2. Der Ablauf der nach rumänischem Recht vorgesehenen allgemeinen Verjährungsfrist von drei Jahren führt zum Fortfall der Vollstreckbarkeit des Titels im Sinne von Art. 38 Abs. 1 Brüssel I-VO und damit zum Erlöschen des Rechts des Gläubigers, die Vollstreckung zu verlangen, mit der Folge, dass jedwede Vollstreckungshandlung zu verweigern ist; die von Amts wegen vorzunehmende Prüfung der Verjährung eines Vollstreckungstitels obliegt dem Gerichtsvollzieher, der in Rumänien eine einem Notar vergleichbare Rechtsstellung inne hat, bzw. dem Vollstreckungsgericht.
3. Der Einwand der Verjährung des Rechts auf Zwangsvollstreckung, der sich nicht gegen den titulierten Anspruch selbst, sondern gegen die Vollstreckung des Titels richtet, ohne dass dieser in der Sache nachgeprüft wird, ist im Exequaturverfahren statthaft.
Verfahrensgang
LG Düsseldorf (Aktenzeichen 22 O 108/17) |
Tenor
Auf die Beschwerde des Antragsgegners vom 16. August 2018 wird der Beschluss des Vorsitzenden Richters der 22. Zivilkammer des Landgerichts Düsseldorf vom 19. Juni 2018 geändert.
Der Antrag des Antragstellers, das Zivilurteil des Amtsgerichts Pascani (Rumänien) vom 18. Juni 2010 mit der Vollstreckungsklausel zu versehen, wird zurückgewiesen.
Die Kosten des Verfahrens trägt der Antragsteller.
Gründe
I. Durch Zivilurteil des Amtsgerichts Pascani (Rumänien) vom 18. Juni 2010 (Aktenzeichen Nr. 3275/866/2009) wurde der Antragsgegner zur Zahlung von 15.000,- EUR und zur Erstattung von Gerichtskosten in Höhe von 5.916 LEI an den Antragsteller verurteilt. Das Urteil ist gemäß Zivilentscheidung Nr. 2560/02.12.2010 des Gerichtshofs Iasi rechtskräftig und unwiderruflich.
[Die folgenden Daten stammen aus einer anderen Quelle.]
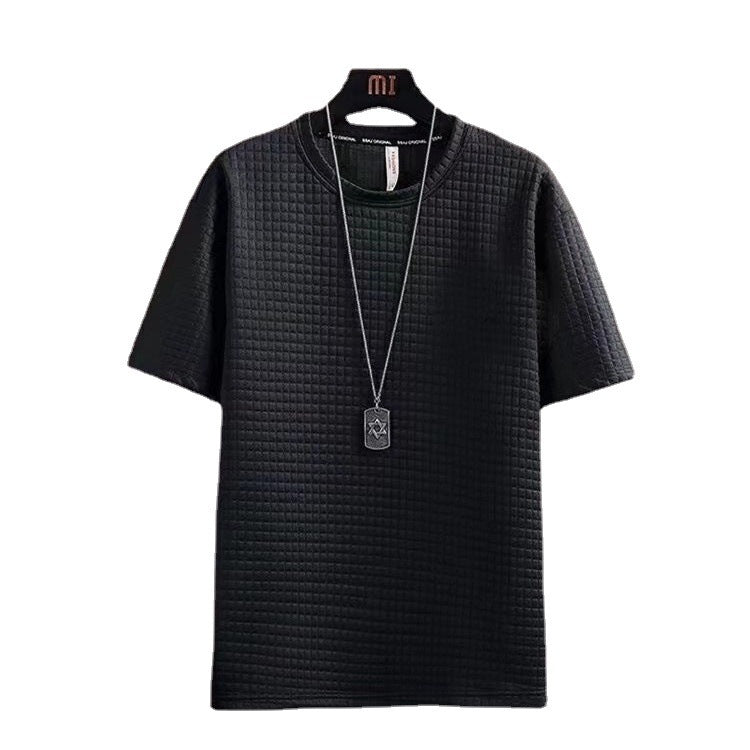 Santorini Texture Set – Berlonne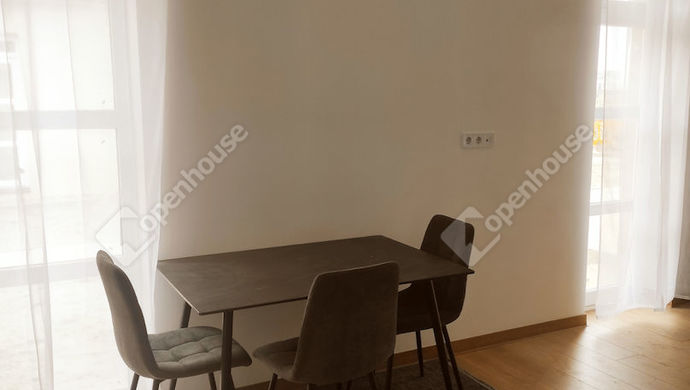 11. kép | Eladó Társasházi lakás, Tiszasziget (#172519)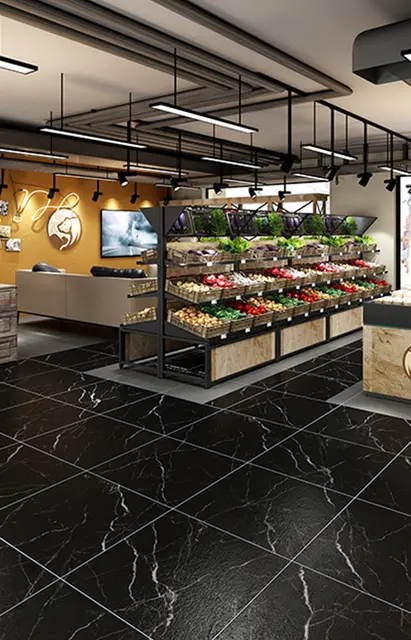 Supermarket-640-640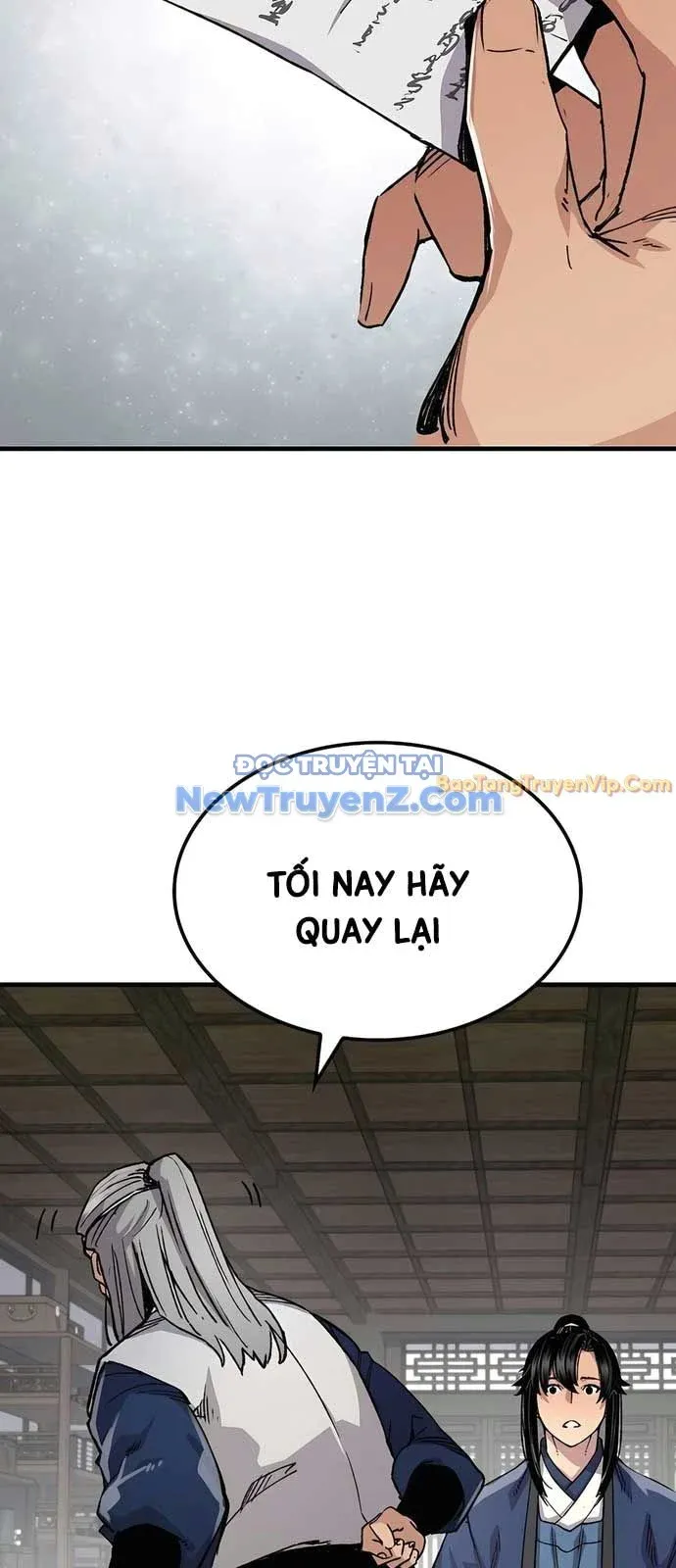 đọc truyện Thiên Ma Quy Hoàn Chương 69 ảnh 80 tại Giả Dược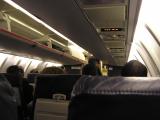 PA215791.JPG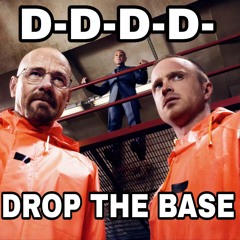 HIGH ENERGY DNB - Für die Wissenschaft !!!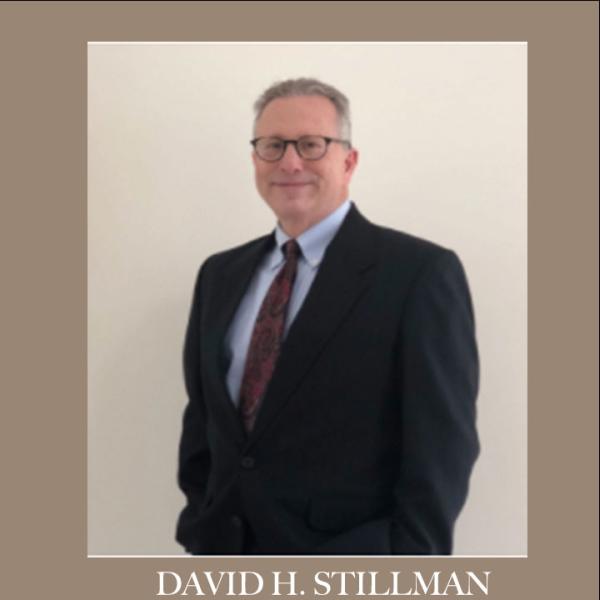 Stillman & Associates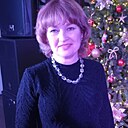Знакомства: Наталья, 51 год, Казань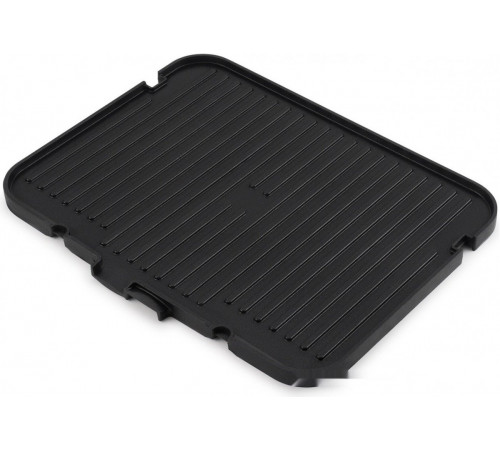 Электрогриль Vitek VT-PG5515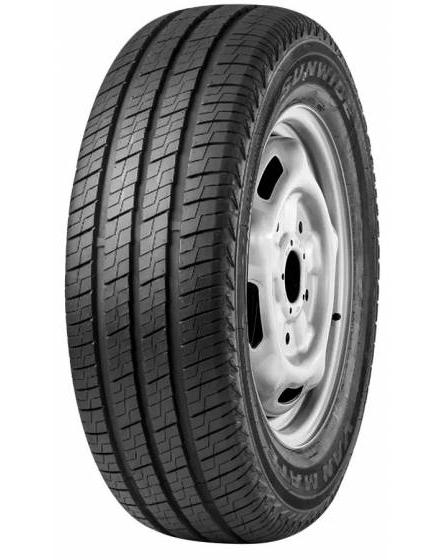 SUNWIDE VANMATE 235/65 R16C 115/113R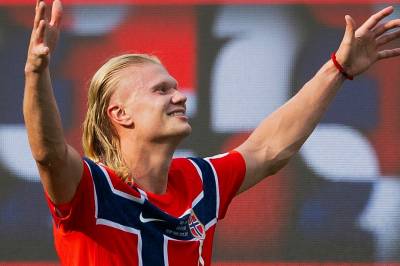 Hvordan snakke om mirakler? Her er noen enkle råd til fotballheltene - og alle andre.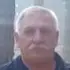 Я Владимир, 63, из Красноярска, ищу знакомство для общения
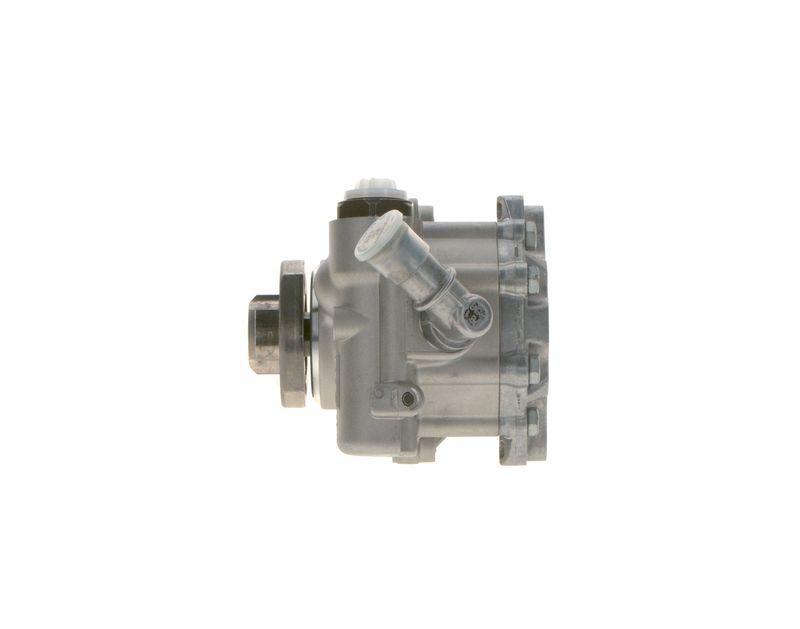 Bosch K S00 000 577 Mechanische Lenkungspumpe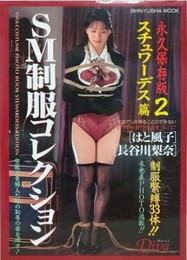 SM制服コレクション　スチュワーデス篇 2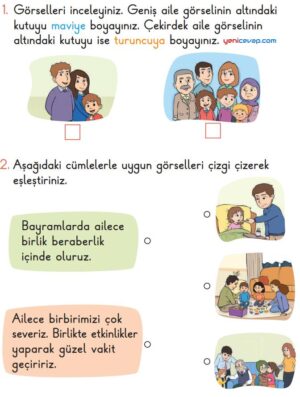 Tekrar Zamanı Testi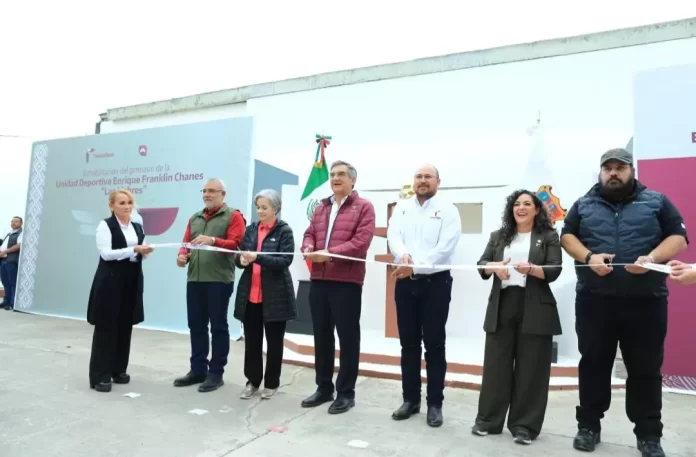 Screenshot_20250128_210438_Drive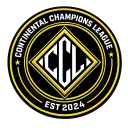 CCL | Continental Champions League | S4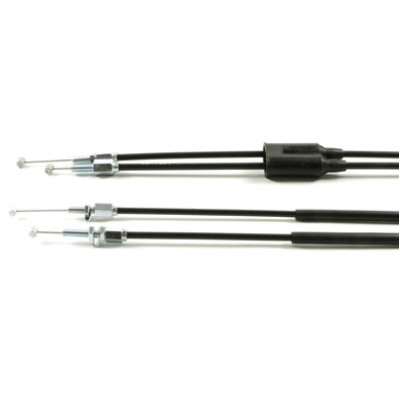 Cablu acceleratie HONDA CRF250R 10-13, CRF450R 09-16 ProX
Mit weiterem Urteil vom 04. Mai 2011 (Aktenzeichen Nr. 2012/866/2011) erklärte das Amtsgericht Pascani sein Urteil vom 18. Juni 2010 als vollstreckbar.
Auf das Gesuch des Antragstellers vom 27. Oktober 2017 hat das Landgericht Düsseldorf mit Beschluss vom 19. Juni 2018 antragsgemäß angeordnet, das Zivilurteil des Amtsgerichts Pascani vom 18. Juni 2010 mit der Vollstreckungsklausel zu versehen.
Gegen den ihm am 26. Juli 2018 zugestellten Beschluss hat der Antragsgegner mit Schreiben vom 16. August 2018, eingegangen bei Gericht am 20. August 2018, Rechtsmittel eingelegt. Er hat im Wesentlichen geltend gemacht, das Recht zur Zwangsvollstreckung sei verjährt. Der Antragsteller habe bereits in Rumänien mit der Vollstreckung begonnen und am 14. Januar 2015 habe der Gerichtsvollzieher festgestellt, dass die Zwangsvollstreckung verfallen sei.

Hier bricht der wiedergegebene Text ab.